Code for paper "A Balanced Data Approach for Evaluating Cross-Lingual Transfer: Mapping the Linguistic Blood Bank"

Abstract: We show that the choice of pretraining languages affects downstream cross-lingual transfer for BERT-based models. We inspect zero-shot performance in balanced data conditions to mitigate data size confounds, classifying pretraining languages that improve downstream performance as donors, and languages that are improved in zero-shot performance as recipients. We develop a method of quadratic time complexity in the number of languages to estimate these relations, instead of an exponential exhaustive computation of all possible combinations. We find that our method is effective on a diverse set of languages spanning different linguistic features and two downstream tasks. Our findings can inform developers of large-scale multilingual language models in choosing better pretraining configurations.
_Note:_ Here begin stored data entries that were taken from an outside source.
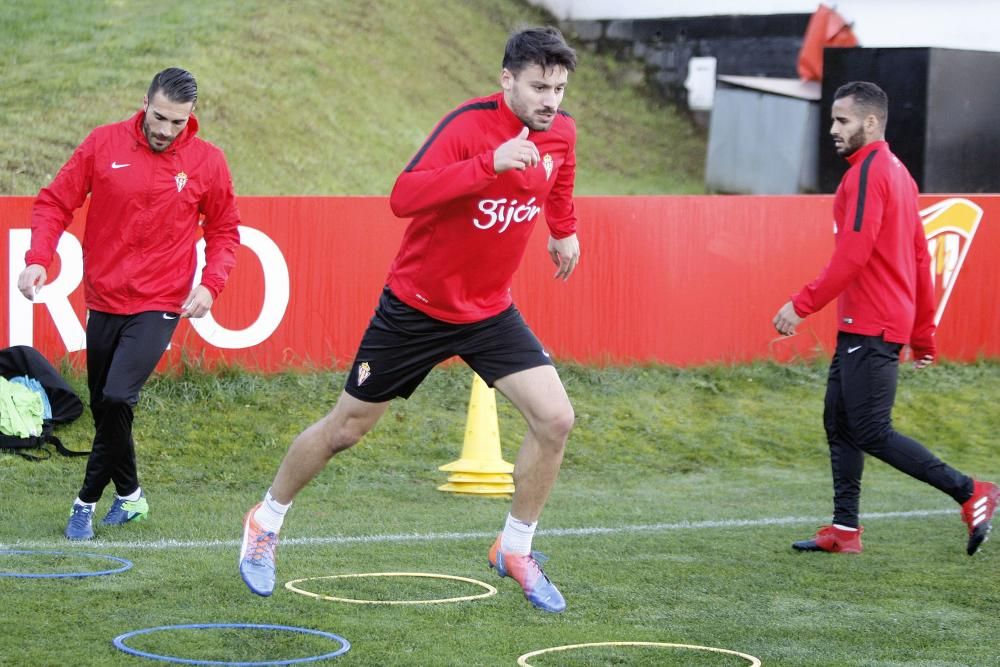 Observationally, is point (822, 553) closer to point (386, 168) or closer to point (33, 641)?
point (33, 641)

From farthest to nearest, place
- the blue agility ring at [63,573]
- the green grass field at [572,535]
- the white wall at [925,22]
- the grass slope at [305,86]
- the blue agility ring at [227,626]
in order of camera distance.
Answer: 1. the white wall at [925,22]
2. the grass slope at [305,86]
3. the blue agility ring at [63,573]
4. the green grass field at [572,535]
5. the blue agility ring at [227,626]

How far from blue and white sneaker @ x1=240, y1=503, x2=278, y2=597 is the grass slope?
380 inches

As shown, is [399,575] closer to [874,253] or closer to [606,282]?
[874,253]

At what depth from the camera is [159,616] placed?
5414 millimetres

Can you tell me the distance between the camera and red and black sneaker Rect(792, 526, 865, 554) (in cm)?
708

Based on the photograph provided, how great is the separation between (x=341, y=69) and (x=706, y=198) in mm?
10489

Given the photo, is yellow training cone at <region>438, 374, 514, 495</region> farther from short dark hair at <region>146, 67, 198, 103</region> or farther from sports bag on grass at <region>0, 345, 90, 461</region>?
short dark hair at <region>146, 67, 198, 103</region>

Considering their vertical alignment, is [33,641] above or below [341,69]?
below

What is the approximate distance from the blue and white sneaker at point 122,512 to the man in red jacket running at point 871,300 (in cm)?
342

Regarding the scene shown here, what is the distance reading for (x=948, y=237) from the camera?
12367mm

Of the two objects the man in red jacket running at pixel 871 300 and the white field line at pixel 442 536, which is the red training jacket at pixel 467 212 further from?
the white field line at pixel 442 536

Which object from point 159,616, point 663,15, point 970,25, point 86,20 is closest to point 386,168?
point 86,20

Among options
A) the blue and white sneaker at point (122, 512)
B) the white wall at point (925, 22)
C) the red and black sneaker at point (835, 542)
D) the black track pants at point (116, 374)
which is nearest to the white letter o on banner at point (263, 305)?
the blue and white sneaker at point (122, 512)

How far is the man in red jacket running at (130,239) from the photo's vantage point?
7.02 metres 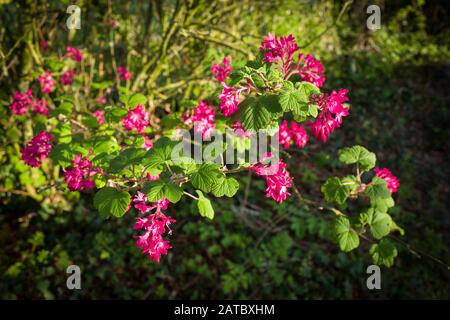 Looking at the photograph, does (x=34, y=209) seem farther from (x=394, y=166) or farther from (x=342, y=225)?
(x=394, y=166)

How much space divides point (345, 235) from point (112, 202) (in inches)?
50.9

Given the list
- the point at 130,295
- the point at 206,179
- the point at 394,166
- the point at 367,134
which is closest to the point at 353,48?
the point at 367,134

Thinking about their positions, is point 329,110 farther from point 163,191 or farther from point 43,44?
point 43,44

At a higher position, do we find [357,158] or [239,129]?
[239,129]

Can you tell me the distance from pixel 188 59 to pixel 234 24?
793 millimetres

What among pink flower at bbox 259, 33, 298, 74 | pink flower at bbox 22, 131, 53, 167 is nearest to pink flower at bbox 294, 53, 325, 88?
pink flower at bbox 259, 33, 298, 74

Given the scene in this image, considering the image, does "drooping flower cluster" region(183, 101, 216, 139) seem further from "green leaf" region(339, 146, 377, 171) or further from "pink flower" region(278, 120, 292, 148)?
"green leaf" region(339, 146, 377, 171)

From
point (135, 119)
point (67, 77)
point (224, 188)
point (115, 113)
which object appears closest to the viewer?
point (224, 188)

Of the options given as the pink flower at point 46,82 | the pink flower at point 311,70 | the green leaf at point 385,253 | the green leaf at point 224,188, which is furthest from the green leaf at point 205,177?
the pink flower at point 46,82

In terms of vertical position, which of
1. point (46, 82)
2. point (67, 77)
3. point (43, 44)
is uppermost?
point (43, 44)

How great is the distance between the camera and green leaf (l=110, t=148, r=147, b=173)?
1477 millimetres

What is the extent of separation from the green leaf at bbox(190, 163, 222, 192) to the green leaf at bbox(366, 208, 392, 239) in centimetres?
106

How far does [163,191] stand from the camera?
1.39 meters

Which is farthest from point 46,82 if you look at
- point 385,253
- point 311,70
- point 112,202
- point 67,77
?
point 385,253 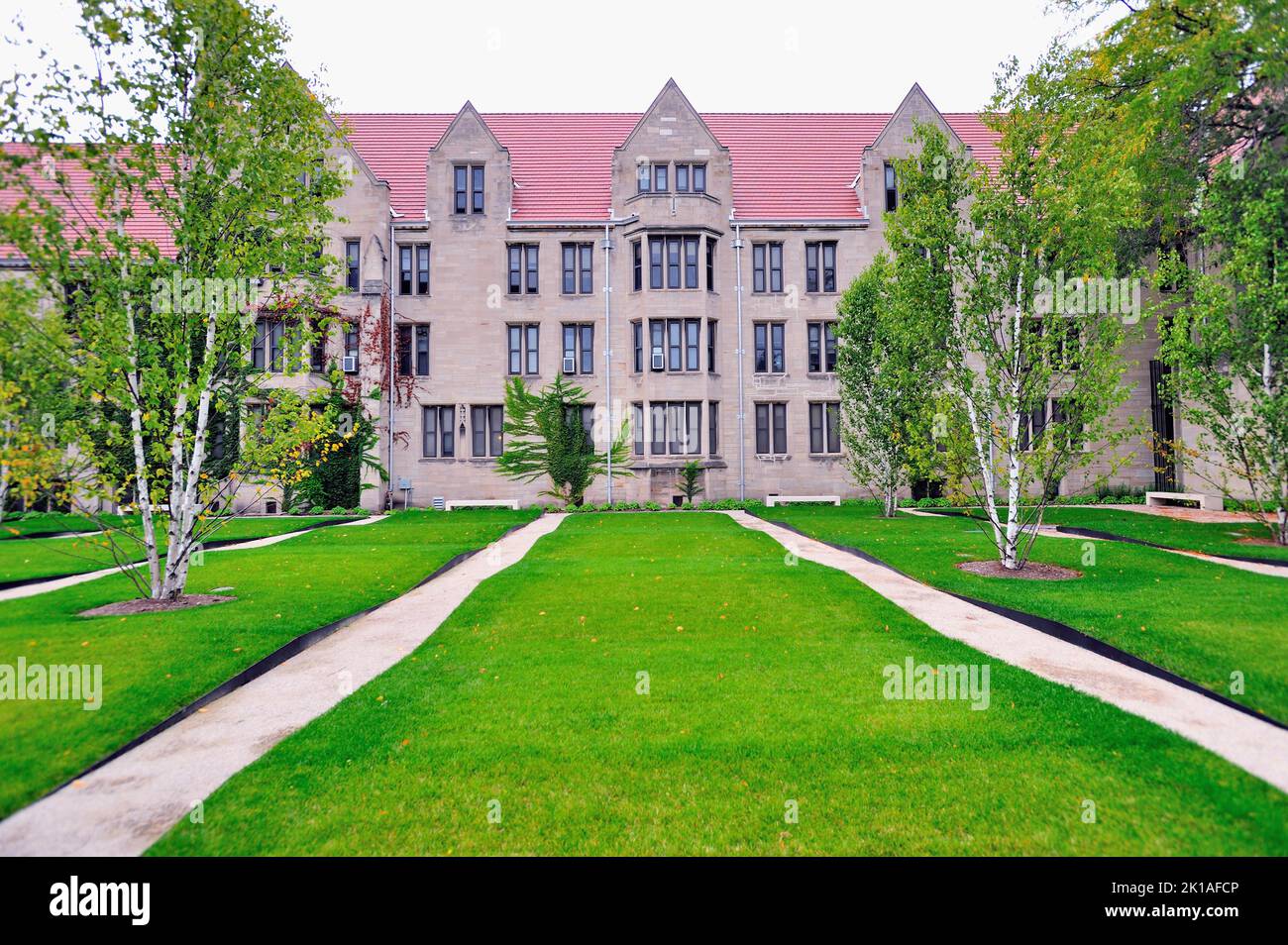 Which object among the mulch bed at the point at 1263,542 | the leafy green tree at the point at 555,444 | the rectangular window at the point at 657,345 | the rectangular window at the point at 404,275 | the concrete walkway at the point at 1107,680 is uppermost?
the rectangular window at the point at 404,275

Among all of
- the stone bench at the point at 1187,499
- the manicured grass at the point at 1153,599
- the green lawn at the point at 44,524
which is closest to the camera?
the manicured grass at the point at 1153,599

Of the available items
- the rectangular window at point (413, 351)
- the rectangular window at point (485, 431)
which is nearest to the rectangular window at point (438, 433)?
the rectangular window at point (485, 431)

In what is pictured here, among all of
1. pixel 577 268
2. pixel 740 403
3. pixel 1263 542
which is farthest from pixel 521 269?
pixel 1263 542

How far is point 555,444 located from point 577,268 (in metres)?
8.25

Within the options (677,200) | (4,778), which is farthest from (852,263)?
(4,778)

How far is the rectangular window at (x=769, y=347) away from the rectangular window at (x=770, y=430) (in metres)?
1.71

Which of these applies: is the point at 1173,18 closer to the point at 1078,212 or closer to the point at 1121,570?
the point at 1078,212

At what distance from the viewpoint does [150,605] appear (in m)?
10.3

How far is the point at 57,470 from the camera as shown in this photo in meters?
9.12

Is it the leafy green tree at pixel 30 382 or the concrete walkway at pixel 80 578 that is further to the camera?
the concrete walkway at pixel 80 578

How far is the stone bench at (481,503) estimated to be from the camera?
99.2 ft

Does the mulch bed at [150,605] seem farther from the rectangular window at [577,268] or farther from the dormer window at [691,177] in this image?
the dormer window at [691,177]

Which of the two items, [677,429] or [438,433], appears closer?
[677,429]

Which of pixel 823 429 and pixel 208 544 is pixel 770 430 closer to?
pixel 823 429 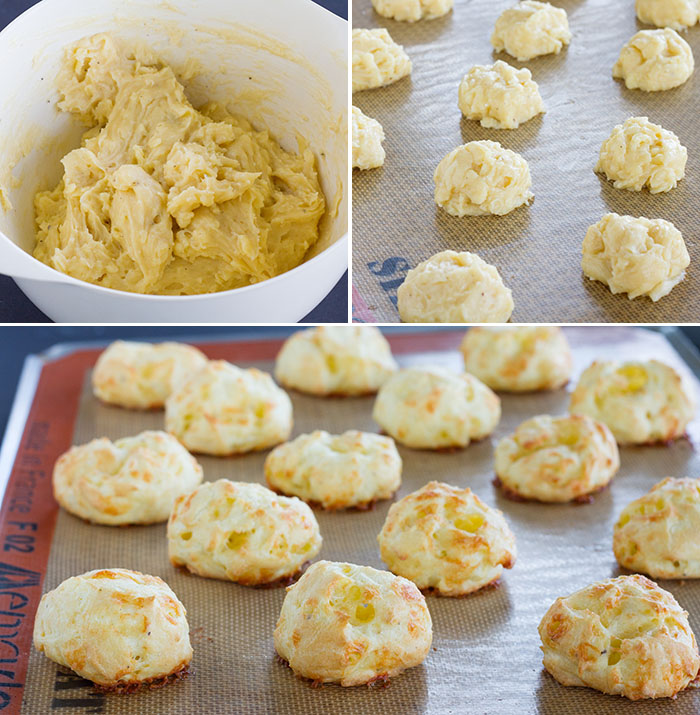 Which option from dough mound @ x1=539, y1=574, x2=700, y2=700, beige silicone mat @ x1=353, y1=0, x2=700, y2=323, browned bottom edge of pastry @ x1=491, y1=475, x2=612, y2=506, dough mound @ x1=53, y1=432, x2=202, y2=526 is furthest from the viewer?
browned bottom edge of pastry @ x1=491, y1=475, x2=612, y2=506

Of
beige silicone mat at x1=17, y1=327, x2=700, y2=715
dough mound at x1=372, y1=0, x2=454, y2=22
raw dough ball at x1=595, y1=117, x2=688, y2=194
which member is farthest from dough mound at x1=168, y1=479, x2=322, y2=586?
dough mound at x1=372, y1=0, x2=454, y2=22

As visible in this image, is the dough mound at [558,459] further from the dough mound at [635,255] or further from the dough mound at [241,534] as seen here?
the dough mound at [241,534]

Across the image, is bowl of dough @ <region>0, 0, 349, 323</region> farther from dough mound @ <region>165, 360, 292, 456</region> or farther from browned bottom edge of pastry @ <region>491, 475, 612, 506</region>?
browned bottom edge of pastry @ <region>491, 475, 612, 506</region>

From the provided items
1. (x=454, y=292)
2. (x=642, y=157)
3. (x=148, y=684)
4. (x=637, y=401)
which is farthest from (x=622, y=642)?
(x=642, y=157)

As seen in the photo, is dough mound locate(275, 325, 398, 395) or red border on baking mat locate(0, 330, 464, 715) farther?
dough mound locate(275, 325, 398, 395)

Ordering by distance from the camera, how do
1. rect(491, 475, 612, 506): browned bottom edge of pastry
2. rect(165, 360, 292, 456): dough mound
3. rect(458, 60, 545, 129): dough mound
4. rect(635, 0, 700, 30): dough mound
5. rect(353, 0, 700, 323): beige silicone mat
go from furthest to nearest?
rect(635, 0, 700, 30): dough mound → rect(165, 360, 292, 456): dough mound → rect(458, 60, 545, 129): dough mound → rect(491, 475, 612, 506): browned bottom edge of pastry → rect(353, 0, 700, 323): beige silicone mat

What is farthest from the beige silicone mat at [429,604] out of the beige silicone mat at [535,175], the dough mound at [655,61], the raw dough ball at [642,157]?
the dough mound at [655,61]

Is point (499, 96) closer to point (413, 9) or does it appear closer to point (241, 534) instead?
point (413, 9) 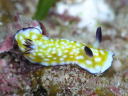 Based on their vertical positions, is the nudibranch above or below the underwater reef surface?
above

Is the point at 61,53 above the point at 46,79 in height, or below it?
above

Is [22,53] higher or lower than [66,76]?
higher

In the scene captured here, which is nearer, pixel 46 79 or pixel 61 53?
pixel 46 79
Table of Contents generated with DocToc

language-graph

Supporting repo for Balanced Data Approach for Evaluating Cross-Lingual Transfer: Mapping the Linguistic Blood Bank
Dan Malkin, Tomasz Limisiewicz, Gabriel Stanovsky,
NAACL 2022.

Web exploration

url

To view our results please visit this url

run evaluations and gather results

In order to deploy our results locally skip to 'run streamlit'.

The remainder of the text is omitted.